I swallowed her saliva. “I swear, Mamma.”
We held hands and walked the plank onto the ship. I looked beyond to the two mounds of Vesuvio, red in the rising sun.
A man stopped us.
“We've come to see Pier Giorgio,” said Mamma.
“He went to visit his family in Calabria.”
“Then we'll wait for him.”
“He's not coming on this trip,” said the man.
Mamma sucked in air. “That can't be.” She pulled me in front of her and pressed her hands down on my shoulders so hard, I thought I'd fall. “I paid,” she said. “I paid Pier Giorgio.”
“For what?”
“Passage to America.”
America. I reached up and put my hand on hers. That was why she had said those crazy words about survival; she was afraid of the journey. But it was worth it; we'd find our fortune in America, like Tonino.
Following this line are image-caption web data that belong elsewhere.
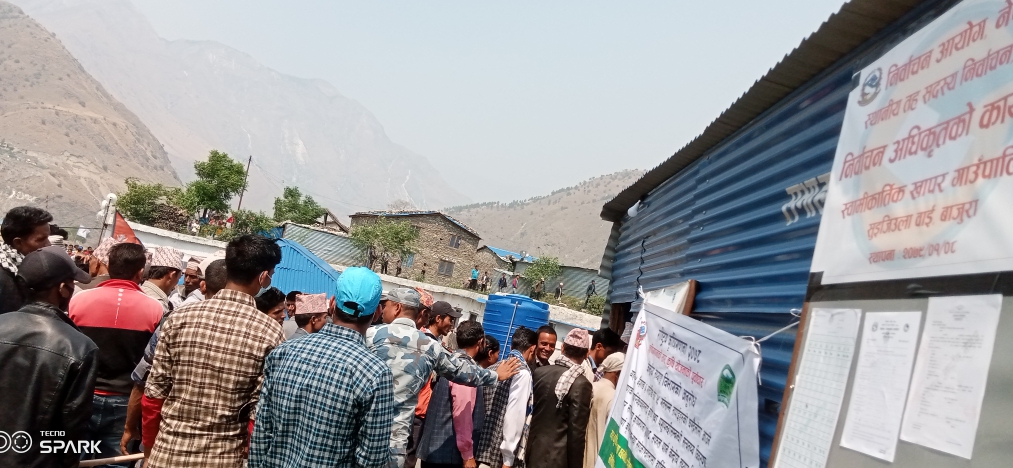 स्वामिकार्तिक खापरमा ९८ जना उम्मेदवारले मनोनयन दर्ता गरे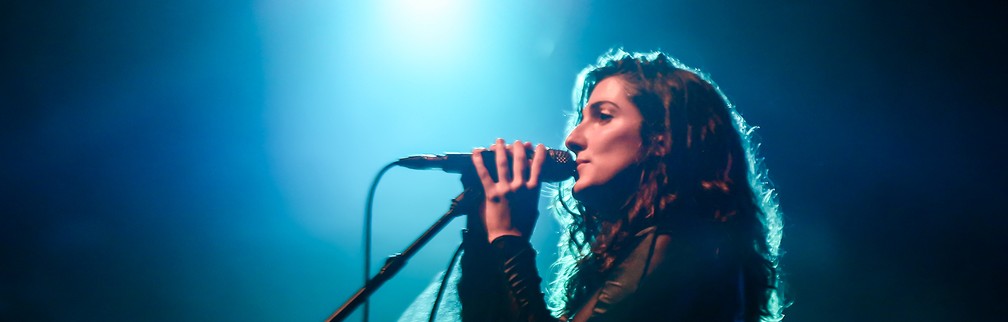 Clarice Falcão no show 'Em conserto' — Foto: Michelle Castilho / Divulgação Circo Voador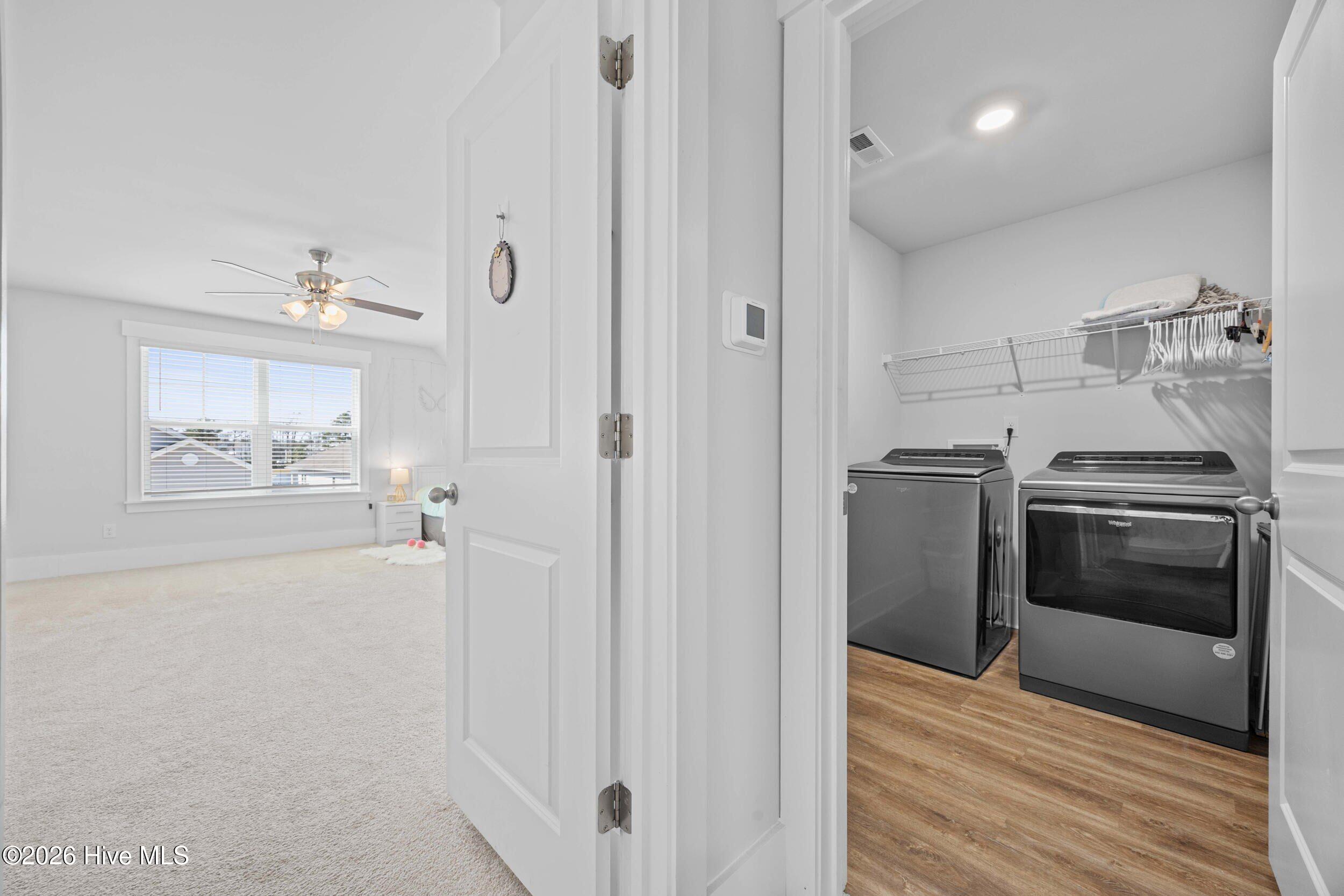 100561686 | Photo 26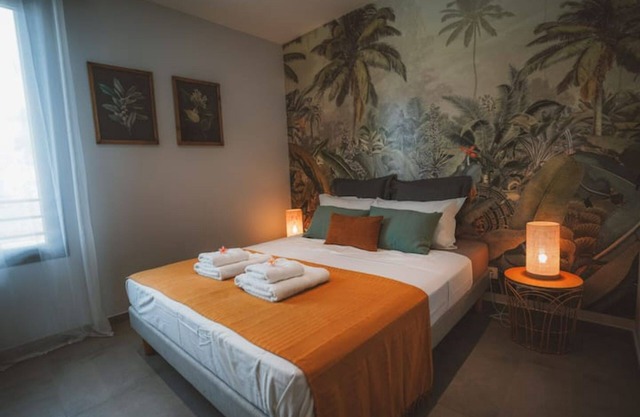 Kaz Lagoon, quiet house, sea view, 1mn walk from the lagoon!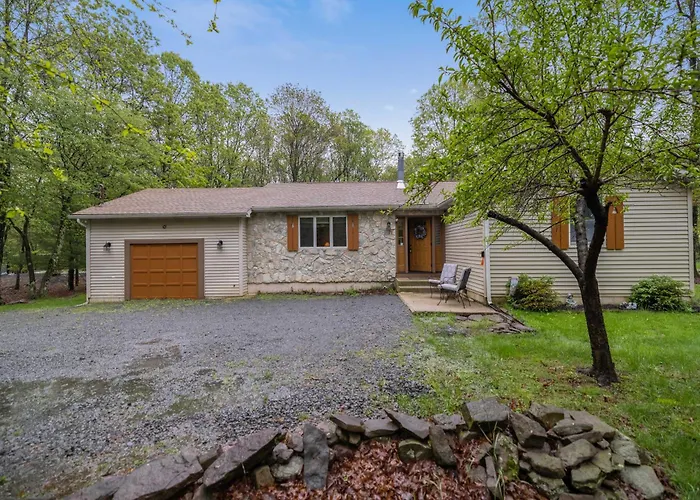 Serenity And Fun All In One In This Cozy Pocono Cabin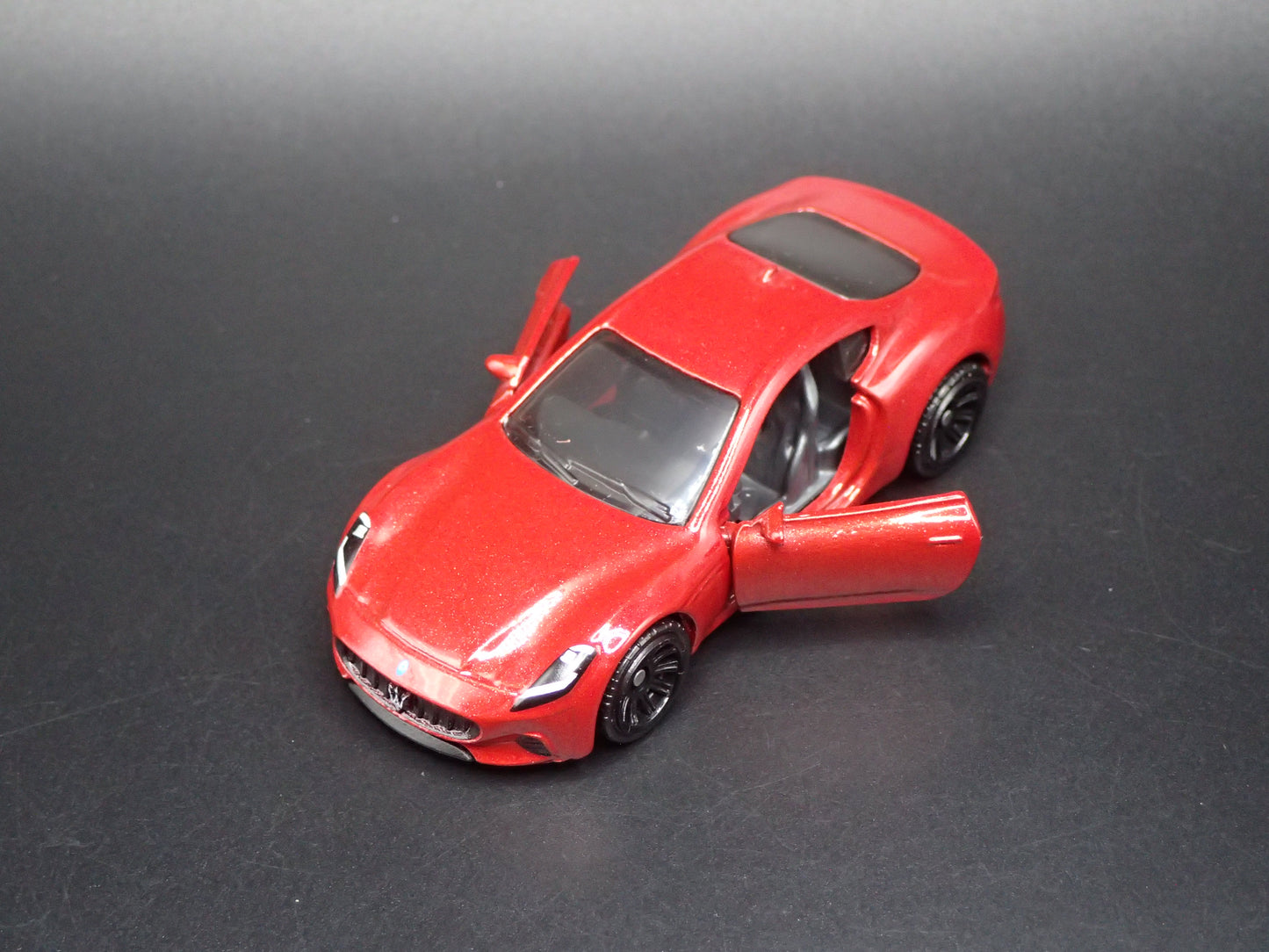 2023-2026 MASERATI GRANTURISMO FOLGORE 1:64 SCALE DIORAMA DIECAST MODEL CAR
We'd send money home, enough for everyone to come and join us.
I would have whispered encouragement, but the man was arguing with her. “This is a cargo ship,” he said for a second time. “No passengers.”
“That can't be,” said Mamma. “It's all arranged.”
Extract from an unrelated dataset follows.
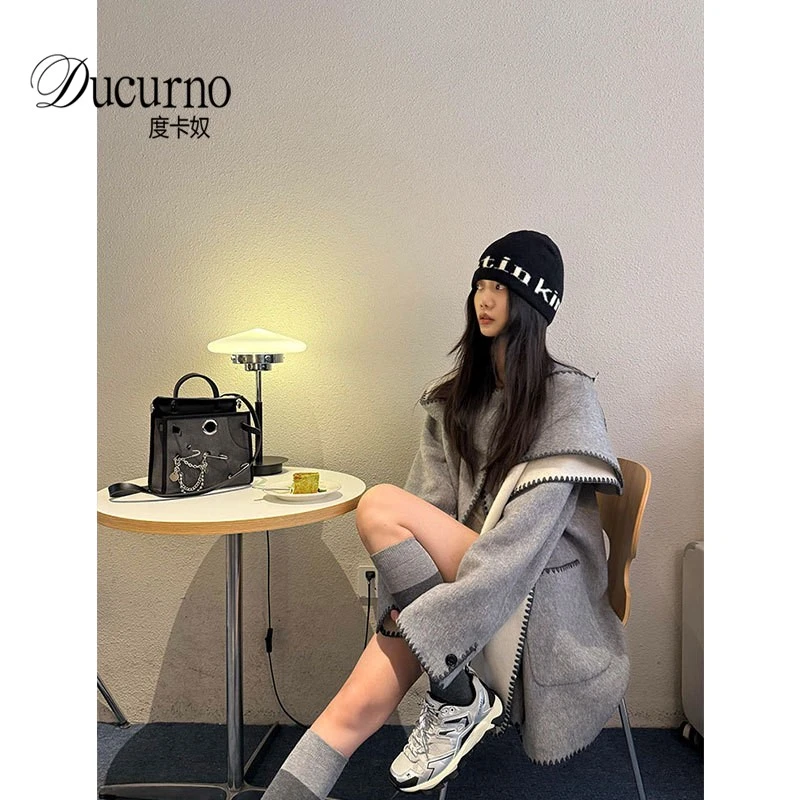 小个子围巾呢大衣设计感气质显瘦毛呢外套2026年女款流行外套秋冬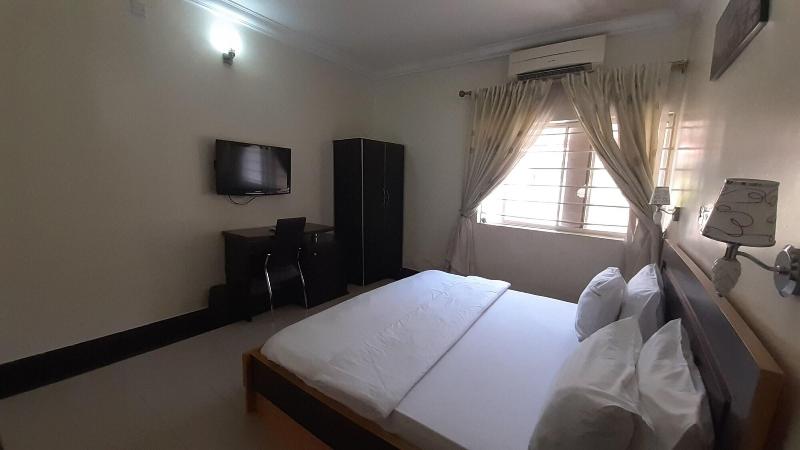 Top-Notch Suites and Apartments image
The man sighed. “How much have you got?”
“I gave it all to Pier Giorgio. My son's passage is paid.”
“Go to another ship. Give him to a padrone—an agent— who will pay his fare in exchange for work once the ship lands.”
“My son will never be anyone's slave.”
“Then he's not going to America.”
I looked up at Mamma to ask her what was going on. But she put a hand over my mouth and stared at the man. “Yes, he is.” She took off her shawl. The cloth of her dress seemed thin and shabby, like gauze. In an instant my strong mamma changed into someone small and weak. I wanted to cover her up.
The man rubbed his dirt-caked neck, leaving a clean streak of olive flesh. Then he took us down a ladder. We stepped off at the first inside deck, but the ladder kept going down. “Go hide in the dark, boy, past those barrels and boxes. Don't make a peep till you feel the sea moving under you. Even then wait a full hour before you come up. Promise.”